01 December 2021, 01:39:19

On Tue, Nov 30, 2021 at 5:09 PM Peter Geoghegan <pg@bowt.ie> wrote:
> I believe that there have been several historic reasons why we need a
> cleanup lock during nbtree VACUUM, and that there is only one
> remaining reason for it today. So the history is unusually complicated.

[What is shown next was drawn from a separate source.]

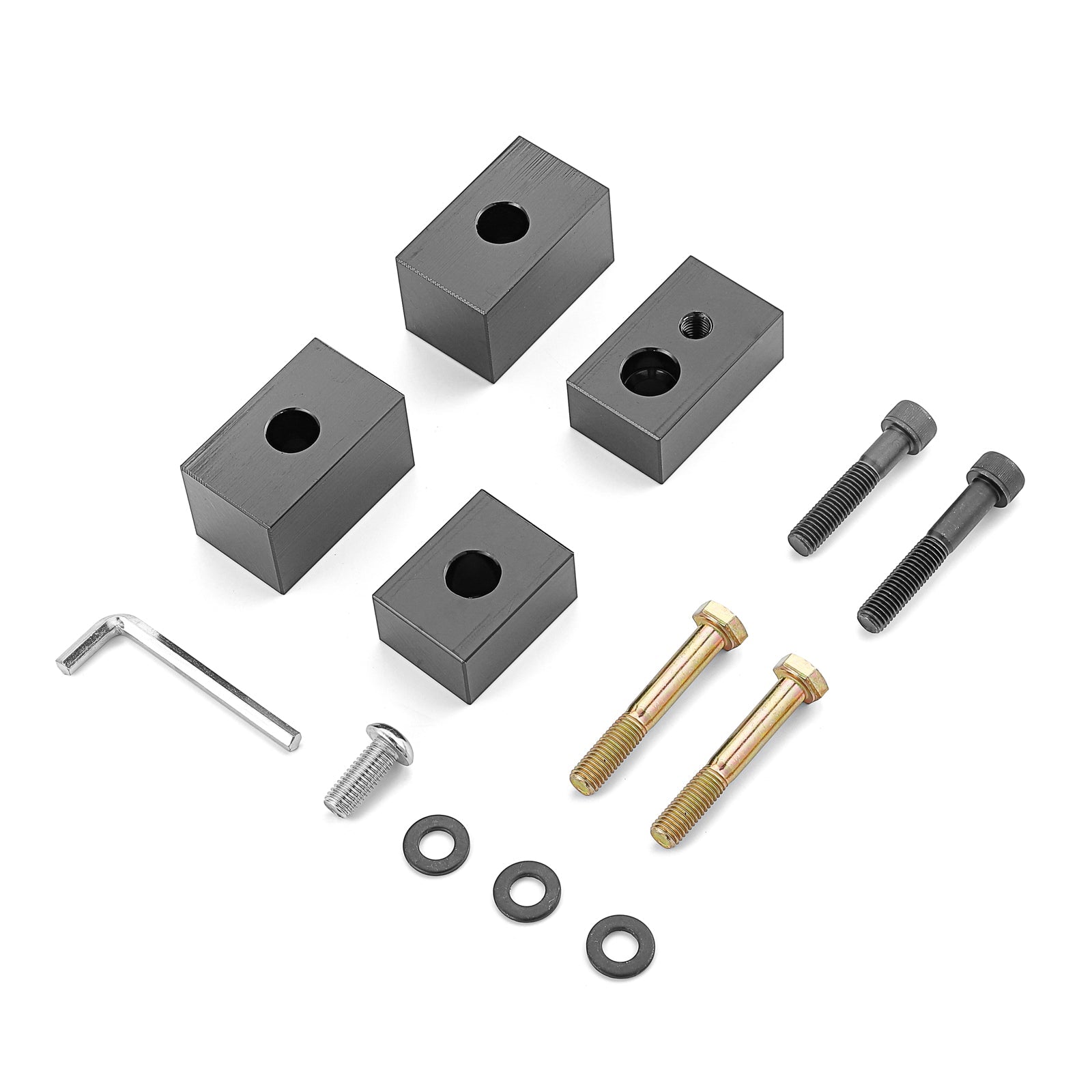 Jeep Wrangler JL/JLU & Gladiator JT CNC Machined Front Seat 1.5" Seat Riser Kit Spacer Blocks - Weisen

Minor correction: we actually also have to worry about plain index
scans that don't use an MVCC snapshot, which is possible within
nbtree. It's quite likely when using logical replication, actually.
See the patch for more.

Like with the index-only scan case, a non-MVCC snapshot + plain nbtree
index scan cannot rely on heap access within the index scan node -- it
won't reliably notice that any newer heap tuples (that are really the
result of concurrent TID recycling) are not actually visible to its
MVCC snapshot -- because there isn't an MVCC snapshot. The only
difference in the index-only scan scenario is that we use the
visibility map (not the heap) -- which is racey in a way that makes
our MVCC snapshot (IOSs always have an MVCC snapshot) an ineffective
protection.

In summary, to be safe against confusion from concurrent TID recycling
during index/index-only scans, we can do either of the following
things:

1. Hold a pin of our leaf page while accessing the heap -- that'll
definitely conflict with the cleanup lock that nbtree VACUUM will
inevitably try to acquire on our leaf page.

OR:

2. Hold an MVCC snapshot, AND do an actual heap page access during the
plain index scan -- do both together.

With approach 2, our plain index scan must determine visibility using
real XIDs (against something like a dirty snapshot), rather than using
a visibility map bit. That is also necessary because the VM might
become invalid or ambiguous, in a way that's clearly not possible when
looking at full heap tuple headers with XIDs -- concurrent recycling
becomes safe if we know that we'll reliably notice it and not give
wrong answers.

Does that make sense?

-- 
Peter Geoghegan

Re: Why doesn't GiST VACUUM require a super-exclusive lock, like nbtree VACUUM?

From

Peter Geoghegan

Date:

09 December 2021, 01:40:37

On Tue, Nov 30, 2021 at 5:09 PM Peter Geoghegan <pg@bowt.ie> wrote:
> Attached draft patch attempts to explain things in this area within
> the nbtree README. There is a much shorter comment about it within
> vacuumlazy.c. I am concerned about GiST index-only scans themselves,
> of course, but I discovered this issue when thinking carefully about
> the concurrency rules for VACUUM -- I think it's valuable to formalize
> and justify the general rules that index access methods must follow.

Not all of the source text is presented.